Fasting insulin and glucose levels were evaluated by Enzyme-Linked Immunosorbent Assay (ELISA) (Sweden, Mercodia kits) and the enzymatic method (Iran, Pars Azmun Kit), respectively. The insulin resistance index was calculated using the HOMA-IR equation as follows: resistance (HOMA) = [glucose (mg/dL) × insulin (μU/mL)]/405 [33]. Moreover, the ELISA kits were used to determine serum 25-hydroxyvitamin D concentrations (IDS, Boldon, UK), serum hs-CRP concentration (LDN, Nordhorn, Germany) and plasma 8-OHdG (StressXpress ELA Kit, StressMarq Biosciences, Canada). An albumin assay reagent (Lucica GA-L kit, Asahi Kasei Pharma Corporation, Japan) determined serum albumin levels enzymatically. Also, the spectrophotometer was used to assess the SOD (Assay Kit, ZellBio GmbH, Ulm, Germany), CAT (Sigma-Aldrich kit, USA), MDA (Assay Kit, ZellBio GmbH, Ulm, Germany), GPX (Assay Kit, ZellBi, Germany), total nitrite (ZellBio assay kit, Germany), GSH (ZellBio assay kit, Germany), and TAC (Assay Kit, ZellBio, Germany).

Isolation of PBMCs

We examined the gene expressions associated with inflammation in Peripheral Blood Mononuclear Cells (PBMCs) from blood samples, which are the most available tissue for gene expression research, providing more information than plasma concentrations [34]. Before and after the study, 15 ml of fasting blood were drawn. For PBMCs isolation, 4 ml of blood was mixed through 3-part diluted blood to 2-part Ficoll-Hypaque and centrifuged for 30 min at 500×g, 30°. Then, 10 mL of phosphate-buffered saline (PBS) was added and centrifuged for 10 minutes at 400 g, 4C, followed by Hanks balanced salt solution and Percoll. After centrifuging for 25 minutes at 370 g, 25 °C, the cloudy layer in the top 5 mm was transferred into a separate tube using a sterile Pasteur pipet for further analysis.
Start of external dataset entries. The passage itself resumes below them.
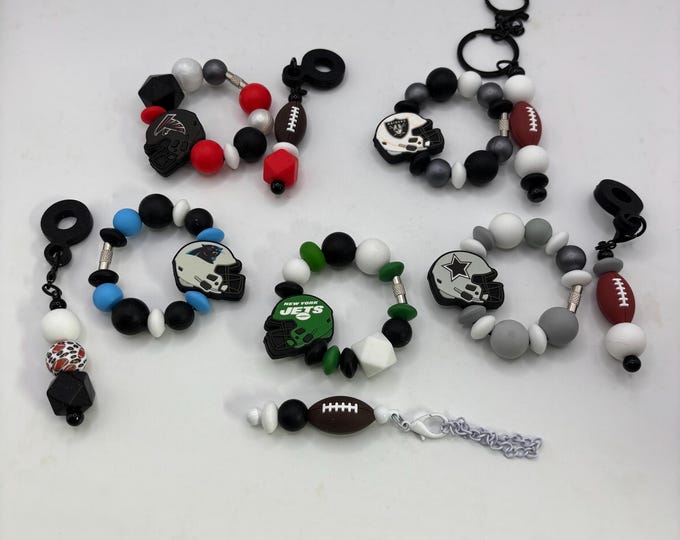 Sports Tumbler Handle Bracelet | Stanley Cup Accessories | Cup Handle Bracelet |  Straw Charm | Football | Many Options Available | Set of 2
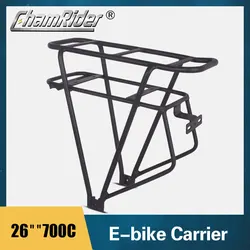 Double Layer Bike Luggage Rack, Bicycle Battery Rear Carrier, Adjustable Duty Bike Hanger, Black, 26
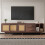 TV Stand Cabient with 2 Drawers, Sliding doors with rattan design 9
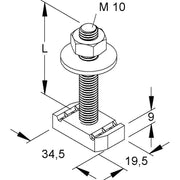 Niedax - Hammerkopfschraube M10 HMZ M10/80 F Länge 80mm − 50 Stück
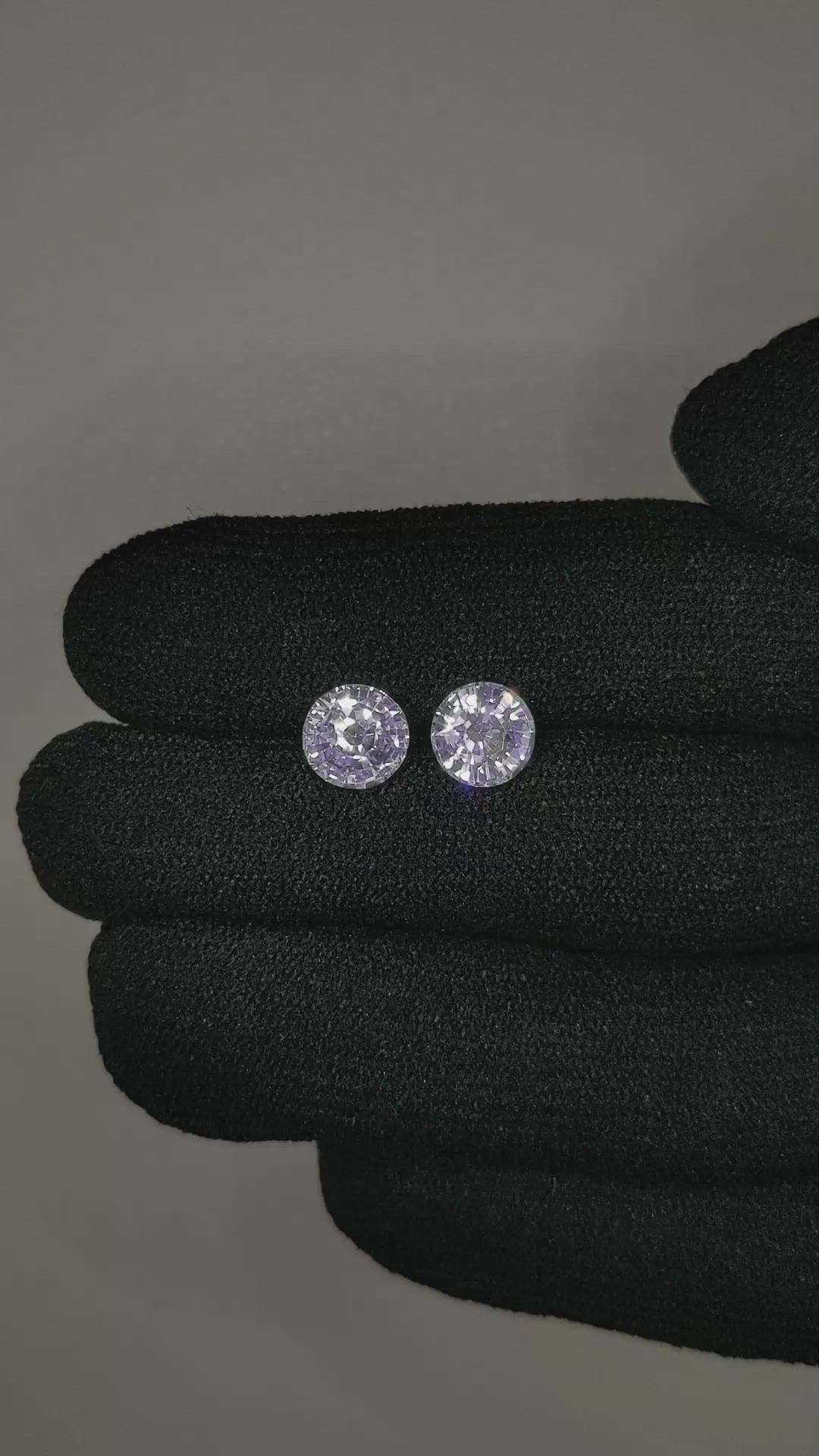 3.10 Ct.Tw.Total Carat Weight White Sapphire Pair from Ceylon (Sri Lanka) Size Video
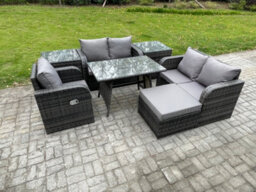 Fimous 7 Pieces Outdoor Garden Dining Sets Rattan Furniture With Armchairs Love Sofa 2 Side Tables Big Footstool - thumbnail 1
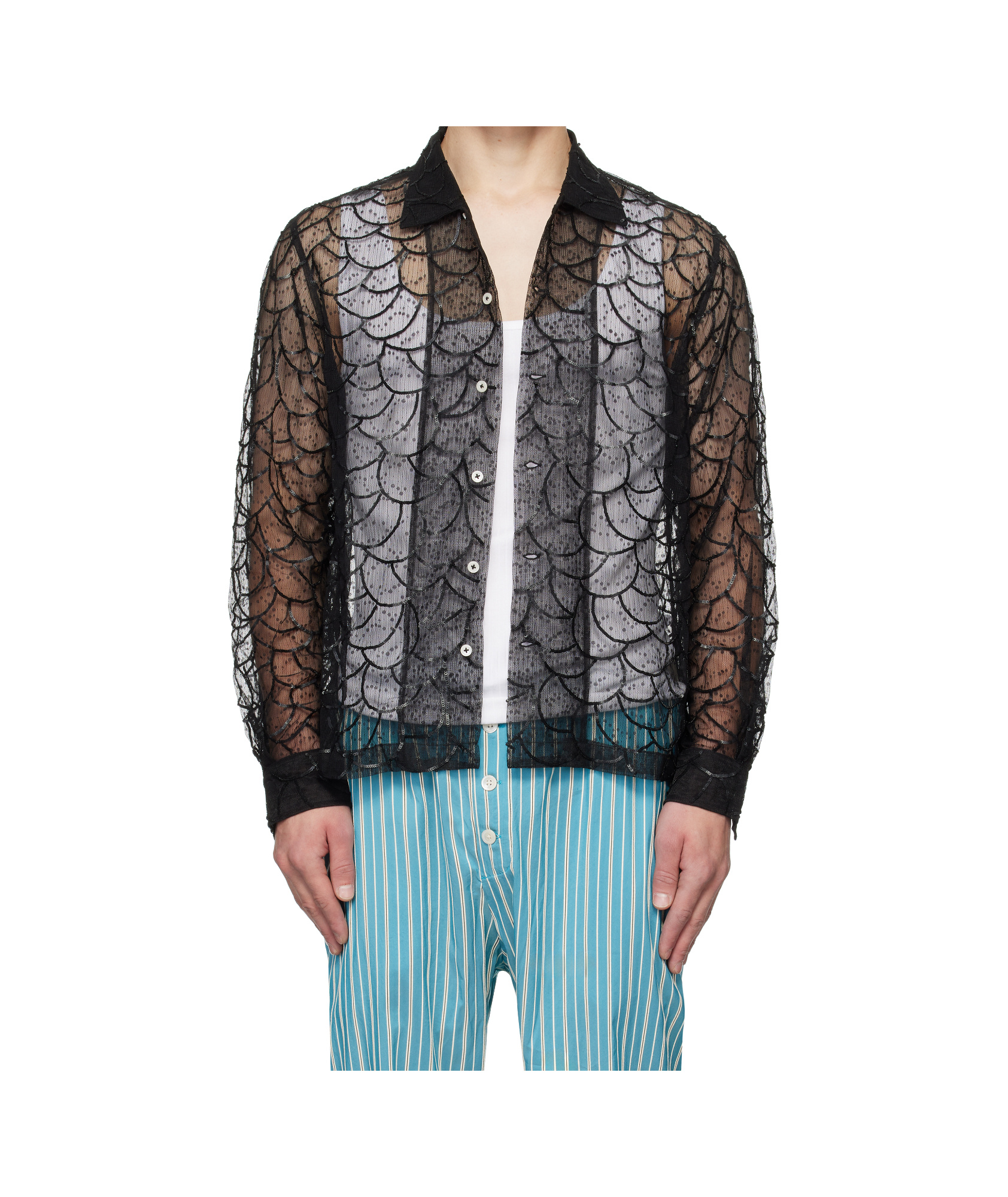 Bode Pewter Shoal Sequined Mesh Shirt In Gray
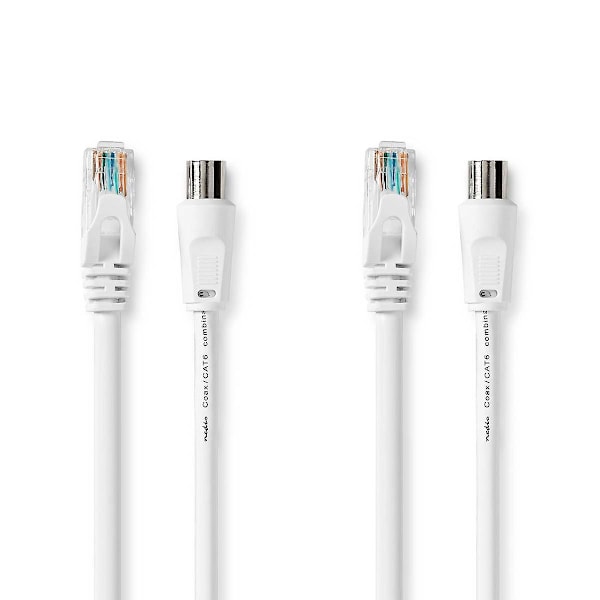 Koaksiaali- ja Cat6-yhdistelmäkaapeli | IEC (koaksiaali) uros / RJ45 uros | IEC (koaksiaali) naaras / RJ45 uros | Nikkelipinnoitettu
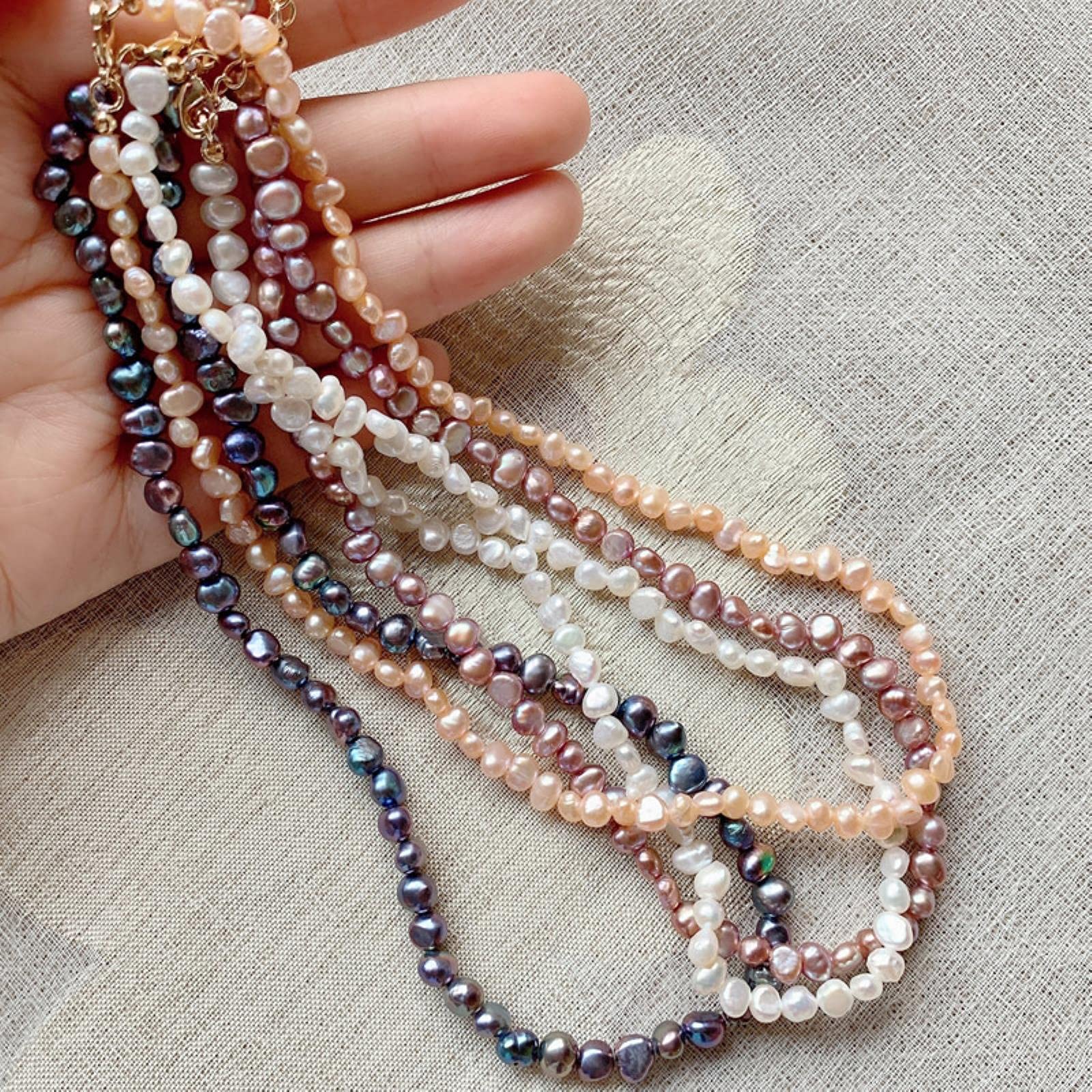 Collar corto de perlas barrocas con pepitas irregulares pequeñas de 4-5 mm, gargantilla de perlas de agua dulce naturales reales ，Collares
RNA extraction and real-time PCR

Total RNAs were extracted from 5 mL peripheral blood with the trizol reagent (Invitrogen, USA) using an RNX-plus kit, Cinnacolon, Tehran, Iran. The RNA was quantified using a UV spectrophotometer, which revealed no contamination with protein or DNA (OD 260/280 ratio between 1.7 and 2.1), followed by reverse transcription to the cDNA library (via Moloney murine leukemia virus reverse transcriptase). Then, by using glyceraldehyde-3-phosphate dehydrogenase primers as housekeeping gene and quantitative RT-PCR method (LightCycler technology, Roche Diagnostics, Rotkreuz, Switzerland; SYBR green detection and Amplicon Kit), the gene expression of IL-1β, MAPK1, IL-4, PPAR-γ, NF-κB1 (p50), and TNF-α were evaluated. Additionally, the Primer Express (Applied Biosystems, Foster City) and Beacon designer (Takaposizt, Tehran, Iran) software were used to design the primers and Pffafi or 2 − 11CT method to calculate relative transcription levels (Table 2).

Table 2 Primers for Real-Time Quantitative PCR

Statistical analysis

The data were analyzed by version 26.0 of SPSS software. The Shapiro–Wilk test was used to check the normality of the distribution in the continuous variables. The paired sample t-test was used for Within-group comparisons. Also, one-way ANOVA and Tukey’s posthoc were used for between-groups comparison at P < 0.05.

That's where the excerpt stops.